## Instructions to follow:
Restate the listing below word for word, pictures excluded.

## Information shown:
-.-.-

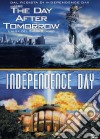 The Day After Tomorrow - Independence Day (Cofanetto) dvd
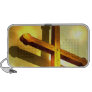 Golden Cross Speakers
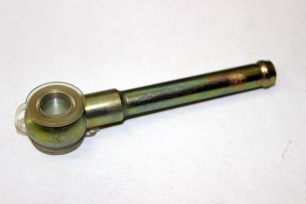 Шланг выход масла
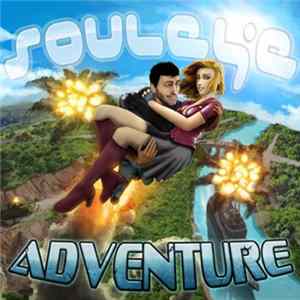SoulEye - Adventure FLAC album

-.-.-

## Reply:
 The Day After Tomorrow - Independence Day (Cofanetto) dvd
 Golden Cross Speakers
 Шланг выход масла
SoulEye - Adventure FLAC album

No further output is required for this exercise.